▸ Given material:
-=-=-=-=-

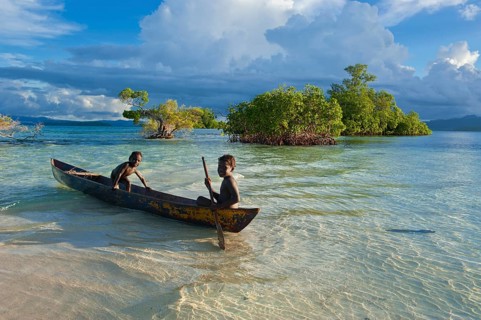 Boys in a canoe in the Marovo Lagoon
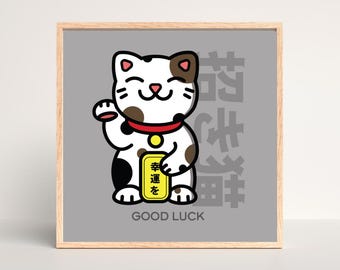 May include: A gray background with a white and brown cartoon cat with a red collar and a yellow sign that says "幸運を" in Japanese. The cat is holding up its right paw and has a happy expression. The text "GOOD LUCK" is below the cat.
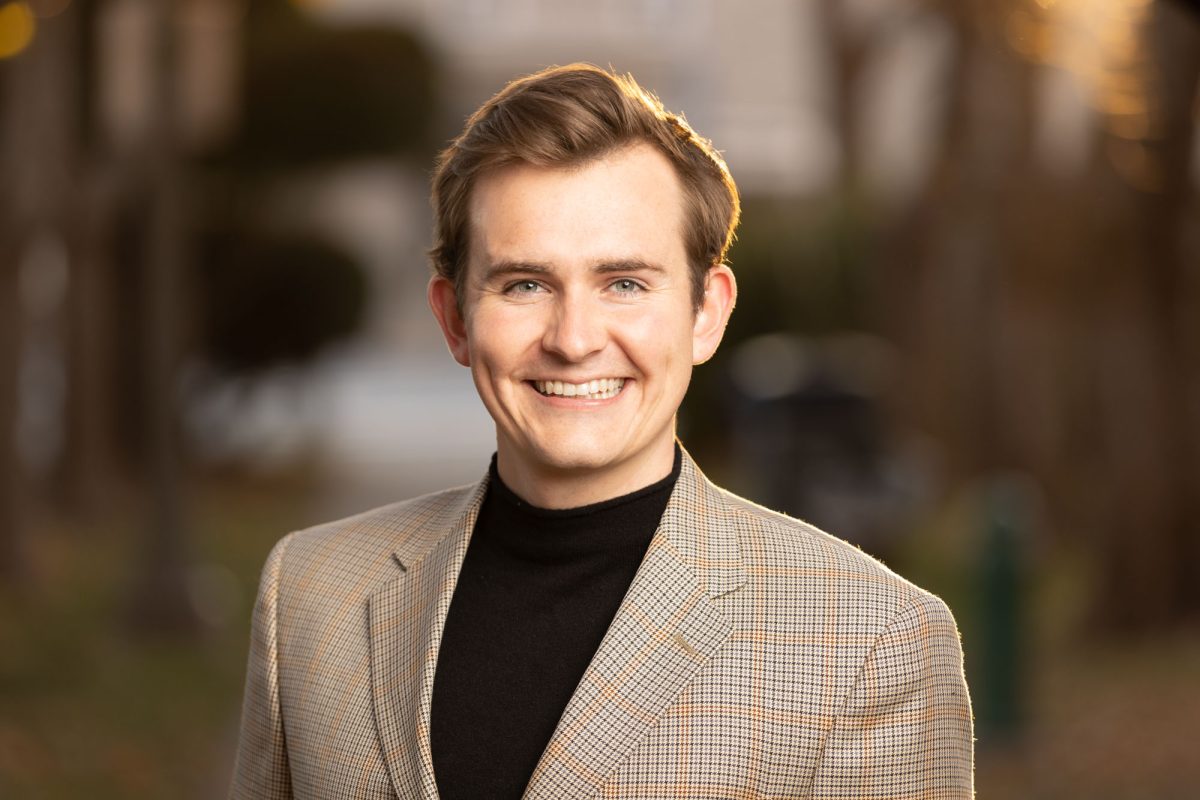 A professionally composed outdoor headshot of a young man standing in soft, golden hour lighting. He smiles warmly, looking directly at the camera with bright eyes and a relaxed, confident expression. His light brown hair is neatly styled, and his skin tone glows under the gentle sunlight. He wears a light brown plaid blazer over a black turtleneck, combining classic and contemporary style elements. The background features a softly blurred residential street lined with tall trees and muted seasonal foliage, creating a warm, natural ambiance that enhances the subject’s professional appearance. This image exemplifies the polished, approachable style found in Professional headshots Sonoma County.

-=-=-=-=-

▸ Task to complete: Set down each line of the material exactly and skip every image.

▸ Exercise answer:
 Boys in a canoe in the Marovo Lagoon
 May include: A gray background with a white and brown cartoon cat with a red collar and a yellow sign that says "幸運を" in Japanese. The cat is holding up its right paw and has a happy expression. The text "GOOD LUCK" is below the cat.
 A professionally composed outdoor headshot of a young man standing in soft, golden hour lighting. He smiles warmly, looking directly at the camera with bright eyes and a relaxed, confident expression. His light brown hair is neatly styled, and his skin tone glows under the gentle sunlight. He wears a light brown plaid blazer over a black turtleneck, combining classic and contemporary style elements. The background features a softly blurred residential street lined with tall trees and muted seasonal foliage, creating a warm, natural ambiance that enhances the subject’s professional appearance. This image exemplifies the polished, approachable style found in Professional headshots Sonoma County.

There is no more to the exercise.